Meng Zhuang scite author profile

Coronavirus disease 2019 (COVID-19), caused by severe acute respiratory syndrome coronavirus 2 (SARS-CoV-2), has quickly spread worldwide and has affected more than 10 million individuals. A typical feature of COVID-19 is the suppression of type I and III interferon (IFN)-mediated antiviral immunity. However, the molecular mechanism by which SARS-CoV-2 evades antiviral immunity remains elusive.
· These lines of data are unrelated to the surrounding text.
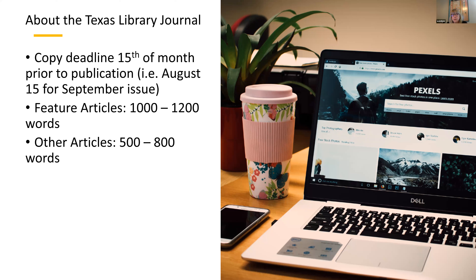We also have a news notes section that includes short blurbs — if somebody was promoted, a library got a grant or an award, we'll include that. We also list all of our association events there. The journal is emailed out the third Thursday of those four months to all TLA members, and then shared on the website and on social media, reaching librarians around the state and beyond.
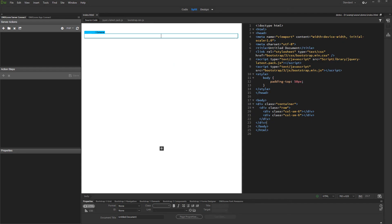With this movie we will show you how to create a master-detail relationship using DMX Zone Server Connect and DMX Zone App Connect. We are going to create two HTML tables, one for orders, and the other showing the items for the selected order.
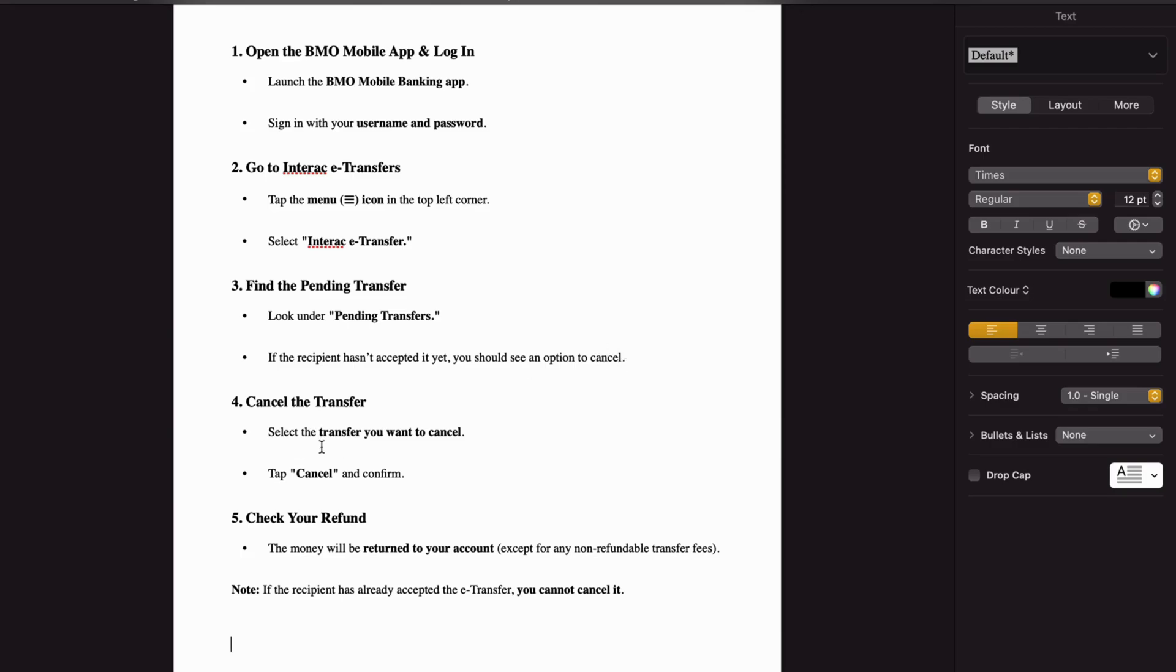Select the transfer you want to cancel, then click on cancel and confirm.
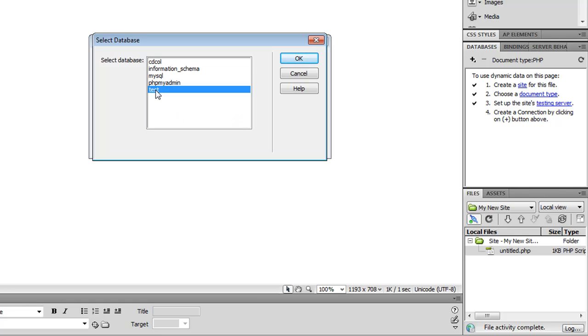If you don't have a database, what you can do is download a free eCommerce database from our website that you can pretty much use for any type of website, not just eCommerce.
Here, we reported that the SARS-CoV-2 membrane (M) protein inhibits the production of type I and III IFNs induced by the cytosolic dsRNA-sensing pathway mediated by RIG-I/MDA-5–MAVS signaling. In addition, the SARS-CoV-2 M protein suppresses type I and III IFN induction stimulated by SeV infection or poly (I:C) transfection. Mechanistically, the SARS-CoV-2 M protein interacts with RIG-I, MAVS, and TBK1, thus preventing the formation of the multiprotein complex containing RIG-I, MAVS, TRAF3, and TBK1 and subsequently impeding the phosphorylation, nuclear translocation, and activation of IRF3. Consequently, ectopic expression of the SARS-CoV-2 M protein facilitates the replication of vesicular stomatitis virus. Taken together, these results indicate that the SARS-CoV-2 M protein antagonizes type I and III IFN production by targeting RIG-I/MDA-5 signaling, which subsequently attenuates antiviral immunity and enhances viral replication. This study provides insight into the interpretation of SARS-CoV-2-induced antiviral immune suppression and illuminates the pathogenic mechanism of COVID-19.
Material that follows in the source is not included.